Implemented Features

main.py

  • Dataloader Creation: Utilizes data.py to create a dataloader and splits it into train and validation loaders.

  • Model Selection: Offers a list of easily modifiable models for training.

  • Optimizer Selection: Provides a choice of optimizers from a predefined list.

  • Training Script: Executes training with pre-selected models, number of epochs, optimizer, and its settings such as learning rate (lr) and momentum (mm).

  • Training Progress: Displays training progress and statistics during execution.

  • Results Saving: Saves the results of training for further analysis.

train.py

  • train(): Displays progress and statistics during training.
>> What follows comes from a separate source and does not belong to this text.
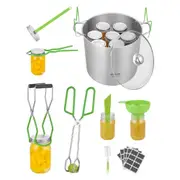 VEVOR Canning Supplies Starter Kit 9 PCS Stainless Steel Water Bath Canning Set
Saves best model weights, checkpoints, and results.

  • validate(): Validates the model and provides statistics.

  • continue_training(): Allows resuming training from checkpoints.

data.py

  • Queries GAIA Star Catalog asynchronously (read_gaia).

  • Reads data from ACT_DR5 and MaDCoWS catalogs, pre-downloading if necessary.

  • Creates positive and negative samples for training: - createNegativeClassDR5, create_data_dr5.

  • Includes data transformations: resizing, rotation, reflection, and normalization.

segmentation.py

  • Implements image dataset class and segmentation map creation: - create_samples, formSegmentationMaps, printSegMaps, printBigSegMap.

  • Predicts probabilities for images using predict_folder and predict_tests.

legacy_for_img.py

  • Downloads image cutouts using multithreading (grab_cutouts).

  • Supports VLASS and unWISE image downloads.

metrics.py

  • Includes plotting functions: - ROC Curve (plot_roc_curve), Precision-Recall Curve (plot_precision_recall).

  • modelPerformance: Calculates and displays metrics such as accuracy, precision, recall, and F1-score.

Known Issues

  • Not all optimizers are functional.

  • Incorrect loss and accuracy calculations with Adam optimizer.

  • segmentation.py: Paths for loaded weights need fixing.

  • data.py: Ensure data folder existence.

  • main.py: - Models are loaded simultaneously; optimize memory usage. - Some models need fixes (e.g., ViTL16).

Directory Structure

.
├── data
│   ├── DATA
│   │   ├── test_dr5
│   │   ├── test_madcows
│   │   ├── train
│   │   └── val
├── models
├── notebooks
├── results
├── screenshots
├── state_dict
└── trained_models

Performance

  • Initial startup: ~1h 9m 43s (Internet speed-dependent).

  • Subsequent runs: ~6m 55s.

Usage

Run the script with the following command:

python3 main.py --model MODEL_NAME --epoch NUM_EPOCH --optimizer OPTIMIZER --lr LR --mm MOMENTUM

Supported models:

  • ResNet18, AlexNet_VGG, SpinalNet_VGG, SpinalNet_ResNet.

Supported optimizers:

  • SGD, Adam, RMSprop, AdamW, Adadelta, DiffGrad.

Example output for AlexNet training with SGD optimizer:

Epoch 1/10. Training AlexNet with SGD optimizer: acc=0.683, loss=0.598
Validation Loss: 0.0075, Validation Accuracy: 0.7926
...
Epoch 10/10. Training AlexNet with SGD optimizer: acc=0.884, loss=0.286
Validation Loss: 0.0057, Validation Accuracy: 0.8445

Bugs

  • Not all optimizers work.

  • Loss and accuracy calculations incorrect with Adam optimizer.

  • Additional feedback from users is welcome.